Can smartphones replicate traditional in-house cognitive tests?

A group of researchers from the University of Oxford’s Centre for Human Brain Activity and the University of Birmingham’s School of Psychology recently published a trial involving 20,800 users submitting data performing cognitive tasks via smartphone games. These tasks, which cover a range of cognitive domains — perception, action inhibition, decision-making and short-term memory — were designed as part of a crowdsourced video game. The game paired game player’s demographic data like age, sex, education, location, and a rating of overall life satisfaction with with their performance.

The result – games are feasible, can engage the public, and get reliable results. These cognitive experiment results mirrored those typically found in traditional in-house tasks.


“These data demonstrate that canonical experimental results can be replicated using smartphone games,” Harriet Brown and colleagues write, “despite the relatively uncontrolled environment when compared to laboratory testing.”

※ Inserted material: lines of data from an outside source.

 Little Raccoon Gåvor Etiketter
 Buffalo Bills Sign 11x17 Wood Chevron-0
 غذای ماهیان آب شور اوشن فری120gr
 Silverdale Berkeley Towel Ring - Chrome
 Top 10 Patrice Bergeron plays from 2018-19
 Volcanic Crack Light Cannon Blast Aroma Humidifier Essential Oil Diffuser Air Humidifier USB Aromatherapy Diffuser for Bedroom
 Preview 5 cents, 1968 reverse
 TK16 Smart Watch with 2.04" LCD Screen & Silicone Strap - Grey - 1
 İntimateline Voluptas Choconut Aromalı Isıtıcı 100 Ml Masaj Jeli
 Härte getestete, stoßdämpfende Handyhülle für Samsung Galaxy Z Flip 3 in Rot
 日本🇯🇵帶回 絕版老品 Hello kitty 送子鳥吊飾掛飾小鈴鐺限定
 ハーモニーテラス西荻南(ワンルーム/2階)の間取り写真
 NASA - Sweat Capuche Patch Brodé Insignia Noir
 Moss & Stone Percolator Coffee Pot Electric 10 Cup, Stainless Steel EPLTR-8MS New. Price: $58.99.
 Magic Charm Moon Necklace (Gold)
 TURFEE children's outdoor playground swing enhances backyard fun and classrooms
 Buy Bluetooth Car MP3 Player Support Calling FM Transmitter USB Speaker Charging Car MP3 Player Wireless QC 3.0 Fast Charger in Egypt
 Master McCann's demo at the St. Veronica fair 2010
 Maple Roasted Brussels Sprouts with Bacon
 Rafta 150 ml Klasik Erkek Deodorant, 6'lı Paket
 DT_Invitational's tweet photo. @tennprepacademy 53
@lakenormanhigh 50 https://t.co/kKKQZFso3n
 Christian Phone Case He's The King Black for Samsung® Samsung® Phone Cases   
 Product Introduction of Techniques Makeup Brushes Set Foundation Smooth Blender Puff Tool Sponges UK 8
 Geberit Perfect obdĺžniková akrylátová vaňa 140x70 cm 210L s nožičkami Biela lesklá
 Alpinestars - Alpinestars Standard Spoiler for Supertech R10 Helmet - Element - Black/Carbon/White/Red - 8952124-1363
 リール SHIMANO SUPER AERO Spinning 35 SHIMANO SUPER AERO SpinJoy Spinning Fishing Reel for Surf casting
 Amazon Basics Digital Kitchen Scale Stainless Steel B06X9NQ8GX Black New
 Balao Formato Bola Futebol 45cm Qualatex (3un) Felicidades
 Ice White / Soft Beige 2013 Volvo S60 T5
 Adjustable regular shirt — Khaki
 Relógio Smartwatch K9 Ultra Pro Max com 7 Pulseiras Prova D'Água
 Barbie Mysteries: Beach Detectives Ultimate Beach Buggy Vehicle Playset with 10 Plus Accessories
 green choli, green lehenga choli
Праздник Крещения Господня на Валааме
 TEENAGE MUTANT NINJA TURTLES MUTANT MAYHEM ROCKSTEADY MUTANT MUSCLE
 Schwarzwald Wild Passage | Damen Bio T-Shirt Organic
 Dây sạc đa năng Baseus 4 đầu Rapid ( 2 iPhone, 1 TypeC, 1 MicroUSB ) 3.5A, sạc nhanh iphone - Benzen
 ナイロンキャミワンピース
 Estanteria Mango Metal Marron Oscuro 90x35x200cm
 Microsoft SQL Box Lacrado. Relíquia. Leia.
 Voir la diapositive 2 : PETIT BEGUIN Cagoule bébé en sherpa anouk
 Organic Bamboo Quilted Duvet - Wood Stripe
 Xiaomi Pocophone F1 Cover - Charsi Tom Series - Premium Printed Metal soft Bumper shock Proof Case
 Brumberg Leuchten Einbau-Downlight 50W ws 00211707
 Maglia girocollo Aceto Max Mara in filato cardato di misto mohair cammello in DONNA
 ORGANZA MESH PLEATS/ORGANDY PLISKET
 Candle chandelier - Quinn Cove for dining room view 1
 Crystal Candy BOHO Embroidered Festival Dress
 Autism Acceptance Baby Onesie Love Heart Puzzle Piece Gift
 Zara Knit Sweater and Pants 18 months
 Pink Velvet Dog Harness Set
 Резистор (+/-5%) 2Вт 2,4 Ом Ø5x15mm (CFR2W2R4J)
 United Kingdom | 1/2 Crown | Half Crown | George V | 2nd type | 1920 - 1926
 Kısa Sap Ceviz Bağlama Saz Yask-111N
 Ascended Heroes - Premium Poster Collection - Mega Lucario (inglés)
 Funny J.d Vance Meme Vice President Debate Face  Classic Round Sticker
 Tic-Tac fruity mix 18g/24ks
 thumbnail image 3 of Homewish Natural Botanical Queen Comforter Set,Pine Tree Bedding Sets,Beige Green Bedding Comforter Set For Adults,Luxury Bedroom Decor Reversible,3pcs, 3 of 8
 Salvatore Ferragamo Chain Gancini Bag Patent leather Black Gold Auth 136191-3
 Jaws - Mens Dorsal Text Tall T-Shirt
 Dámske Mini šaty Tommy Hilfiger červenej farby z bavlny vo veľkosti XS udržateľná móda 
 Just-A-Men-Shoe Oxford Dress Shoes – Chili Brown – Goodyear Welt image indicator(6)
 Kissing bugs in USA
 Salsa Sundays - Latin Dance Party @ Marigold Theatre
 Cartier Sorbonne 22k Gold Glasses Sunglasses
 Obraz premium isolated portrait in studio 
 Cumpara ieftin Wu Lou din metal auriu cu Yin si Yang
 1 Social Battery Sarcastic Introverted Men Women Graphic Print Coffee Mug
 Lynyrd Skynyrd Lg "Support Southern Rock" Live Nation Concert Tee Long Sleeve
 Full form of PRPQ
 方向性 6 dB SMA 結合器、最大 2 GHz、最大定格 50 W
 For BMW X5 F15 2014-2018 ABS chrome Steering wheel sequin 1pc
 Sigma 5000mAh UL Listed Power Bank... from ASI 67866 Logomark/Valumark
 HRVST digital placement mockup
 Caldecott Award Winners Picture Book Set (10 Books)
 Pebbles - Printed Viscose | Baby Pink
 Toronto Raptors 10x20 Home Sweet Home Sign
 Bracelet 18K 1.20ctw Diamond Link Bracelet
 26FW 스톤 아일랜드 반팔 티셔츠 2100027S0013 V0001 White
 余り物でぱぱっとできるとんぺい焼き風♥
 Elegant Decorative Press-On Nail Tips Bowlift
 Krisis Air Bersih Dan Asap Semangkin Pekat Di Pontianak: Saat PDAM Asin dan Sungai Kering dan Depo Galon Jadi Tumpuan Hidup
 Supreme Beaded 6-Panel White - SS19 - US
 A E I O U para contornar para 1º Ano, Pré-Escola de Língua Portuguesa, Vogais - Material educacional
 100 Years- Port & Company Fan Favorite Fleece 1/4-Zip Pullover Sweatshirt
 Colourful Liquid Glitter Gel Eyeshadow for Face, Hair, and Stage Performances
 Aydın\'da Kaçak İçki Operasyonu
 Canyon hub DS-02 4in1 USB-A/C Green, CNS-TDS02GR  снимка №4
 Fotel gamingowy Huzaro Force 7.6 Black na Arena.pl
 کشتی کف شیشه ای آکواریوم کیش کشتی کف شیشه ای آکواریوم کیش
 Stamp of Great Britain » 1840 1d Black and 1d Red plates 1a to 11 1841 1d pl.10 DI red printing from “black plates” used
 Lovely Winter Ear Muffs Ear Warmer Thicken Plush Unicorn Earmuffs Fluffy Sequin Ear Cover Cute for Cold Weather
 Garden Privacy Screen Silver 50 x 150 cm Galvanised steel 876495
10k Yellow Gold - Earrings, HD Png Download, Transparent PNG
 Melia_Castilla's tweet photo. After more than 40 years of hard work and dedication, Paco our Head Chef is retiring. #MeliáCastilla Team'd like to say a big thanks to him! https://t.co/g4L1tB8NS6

The game, The Great Brain Experiment, has demonstrated reproducibility between distraction-filtering tasks both on smartphones and in lab experiments, as well as a mathematical model predicting players’ momentary happiness based on in-game decisions.

Brown et al also note parallels with other crowdsourced science projects, including classifying galaxy shapes, protein folding, and tracking neurons through the retina.

However, they note several limitations and issues with the accuracy of smartphones, recruitment & demographics of participants, and the design of such smartphone experiments. For instance, smartphones can vary in terms of graphics and processor performance, which matter for timed stimuli being presented on-screen. Experiments with ultra-fast stimulus durations may not work when smartphones can’t display items quickly enough.

Recruitment of participants is also different from that of traditional local studies. The team paid considerable attention and commitment towards marketing the app through traditional and social media, including Twitter and the Wall Street Journal Speakeasy blog. And, there may potentially be more than one player per phone.

The type of experiments that can be crowdsourced through an app also needs to encourage participants to play and replay the game. The average time to complete a game under 5 minutes, for instance. Successful apps need to be designed to be “short, fast-paced, easy at the beginning,” with rewards such as high points.